Information supplied:
---
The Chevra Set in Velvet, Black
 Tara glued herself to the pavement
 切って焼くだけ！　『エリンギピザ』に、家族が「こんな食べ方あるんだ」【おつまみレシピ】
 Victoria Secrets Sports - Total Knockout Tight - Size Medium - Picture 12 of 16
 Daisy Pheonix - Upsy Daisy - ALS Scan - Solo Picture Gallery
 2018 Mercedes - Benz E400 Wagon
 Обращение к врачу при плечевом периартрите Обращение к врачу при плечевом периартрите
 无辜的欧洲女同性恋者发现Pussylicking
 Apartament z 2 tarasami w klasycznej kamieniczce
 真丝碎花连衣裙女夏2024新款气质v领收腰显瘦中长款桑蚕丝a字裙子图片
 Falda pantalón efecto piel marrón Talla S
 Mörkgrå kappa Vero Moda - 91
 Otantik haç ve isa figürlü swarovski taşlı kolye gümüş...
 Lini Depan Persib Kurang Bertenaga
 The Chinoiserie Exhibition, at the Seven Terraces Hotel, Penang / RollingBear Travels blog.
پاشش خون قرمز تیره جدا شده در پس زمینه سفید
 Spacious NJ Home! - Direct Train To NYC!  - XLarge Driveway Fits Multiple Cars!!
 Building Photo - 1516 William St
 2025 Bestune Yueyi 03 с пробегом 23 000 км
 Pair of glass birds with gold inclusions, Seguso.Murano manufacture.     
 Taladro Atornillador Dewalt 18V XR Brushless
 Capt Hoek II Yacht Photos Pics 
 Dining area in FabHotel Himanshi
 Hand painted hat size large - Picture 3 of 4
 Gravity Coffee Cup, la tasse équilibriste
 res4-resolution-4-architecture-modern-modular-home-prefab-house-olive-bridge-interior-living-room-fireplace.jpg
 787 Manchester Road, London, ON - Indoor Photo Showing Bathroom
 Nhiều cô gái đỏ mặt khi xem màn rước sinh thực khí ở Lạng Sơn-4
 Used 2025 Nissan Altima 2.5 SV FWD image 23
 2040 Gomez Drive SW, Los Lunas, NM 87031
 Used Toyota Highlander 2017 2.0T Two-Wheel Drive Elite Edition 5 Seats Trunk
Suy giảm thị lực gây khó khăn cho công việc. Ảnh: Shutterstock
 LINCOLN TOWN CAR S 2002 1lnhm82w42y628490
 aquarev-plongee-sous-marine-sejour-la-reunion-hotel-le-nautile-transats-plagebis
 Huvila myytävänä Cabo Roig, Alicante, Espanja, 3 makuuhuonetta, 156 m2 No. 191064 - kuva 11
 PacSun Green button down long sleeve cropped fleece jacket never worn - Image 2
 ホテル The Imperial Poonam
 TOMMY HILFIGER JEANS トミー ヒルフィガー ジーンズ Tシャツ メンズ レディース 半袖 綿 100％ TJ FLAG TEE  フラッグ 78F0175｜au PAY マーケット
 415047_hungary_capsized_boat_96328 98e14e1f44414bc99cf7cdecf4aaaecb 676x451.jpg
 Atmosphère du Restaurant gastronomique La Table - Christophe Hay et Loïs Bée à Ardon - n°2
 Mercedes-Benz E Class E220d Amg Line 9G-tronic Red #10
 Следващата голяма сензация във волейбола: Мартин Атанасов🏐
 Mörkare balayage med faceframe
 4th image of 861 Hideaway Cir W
---
Problem:
Which lines above include the word "Mercedes"? Pick them out and copy them.

Output:
 2018 Mercedes - Benz E400 Wagon
 Mercedes-Benz E Class E220d Amg Line 9G-tronic Red #10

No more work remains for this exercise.